The British government has defended its decision to extend an invitation to President Abdel Fattah al-Sisi the day after his administration condemned the ousted leader to death
Ousted Egyptian President, Mohamed Morsi reacts as he learns that he will face the death penalty
The British government has defended its decision to invite Egyptian President Abdel Fattah al-Sisi to London the day after his administration condemned the country’s former president to death.
A Cairo court confirmed the sentence against Mohamed Morsi on Tuesday, compounding a far reaching crackdown that has engulfed opposition from the leadership of the Muslim Brotherhood to secular grassroots activists.
Egypt’s state news agency reported that Mr Sisi had received the invitation the next day.
Egypt’s President Abdel Fattah al-Sisi
A spokeswoman for Prime Minister David Cameron told reporters on Thursday that the British government was examining the possibility of a visit from Mr Sisi “later this year” to discuss mutual interests.
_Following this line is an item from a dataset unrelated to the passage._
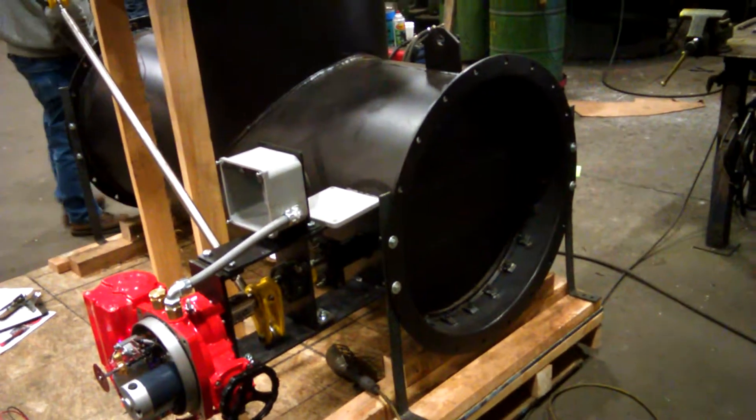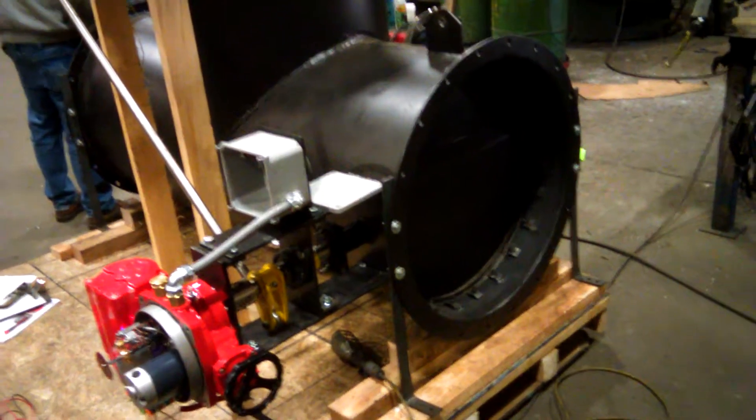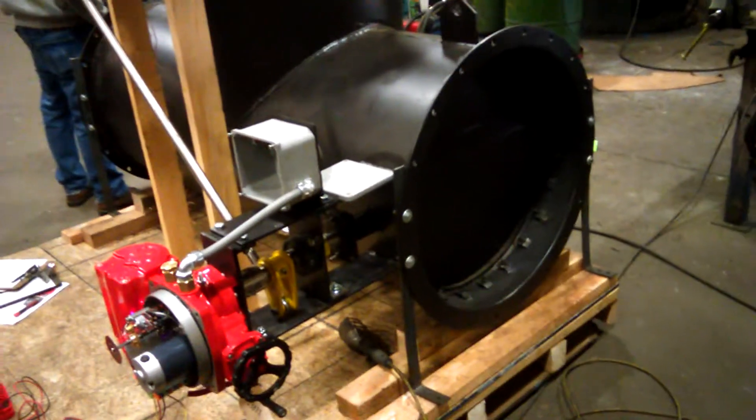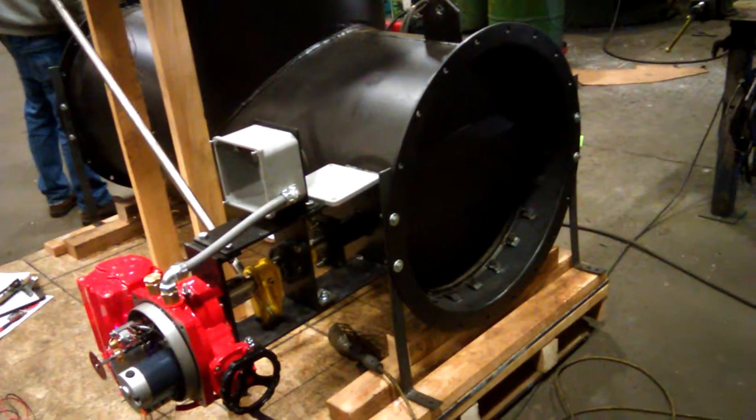This is a 2600 diverter valve with Tadpole seats. It's in the closed position currently. We're going to switch it to the 20 milliamp signal, which is going to make it go to the open position.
When pressed on Egypt’s human rights record, she said the meetings would allow British officials to “raise matters of concern”.
The British government backed the pro-democracy uprising that brought Mr Morsi’s Muslim Brotherhood to power, even sending Mr Cameron for a stroll around Cairo’s Tahrir Square shorty after it hosted the popular uprising that toppled longtime autocrat Hosni Mubarak from power in 2011.
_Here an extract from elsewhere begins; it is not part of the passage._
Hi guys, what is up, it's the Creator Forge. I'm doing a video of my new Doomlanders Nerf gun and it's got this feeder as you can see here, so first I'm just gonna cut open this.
But it grew disillusioned with Mr Morsi’s tenure after before he was overthrown by a military coup in July 2013. Although critical of a state-led massacre the following month, the planning of which Mr Sisi was heavily involved in, the British government has since worked hard to maintain good relations with the Egyptian regime.
A combination of repression and limited economic growth in Egypt has returned a degree of predictability to the relationship, and Mr Sisi’s administration is seen as a key counterterrorism partner for the west as the Islamic State in Iraq and the Levant (Isil) metastasizes through the Middle East.
Thursday’s announcement that Mr Sisi may visit London is a reflection of this. But there are concerns that Cairo will view the invitation as a sign that Britain will turn a blind eye to its security apparatus’ worst excesses.
“A failure to speak out will be seen as Britain ditching all talk of human rights and democracy – all the heady rhetoric of 2011,” said Chris Doyle, director of the Council for Arab-British Understanding. “If Britain is to stand for anything, and not betray those who craved real change in Egypt, Cameron must be clear in public and in private about the need for democracy, rule of law and accountability in Egypt.”
Britain has also been criticised for its business as usual approach with Bahrain. On Tuesday, the Western-backed Gulf kingdom jailed the leader of its constitutional opposition the day after British Armed Forces Minister Penny Mordaunt opened a new naval base there.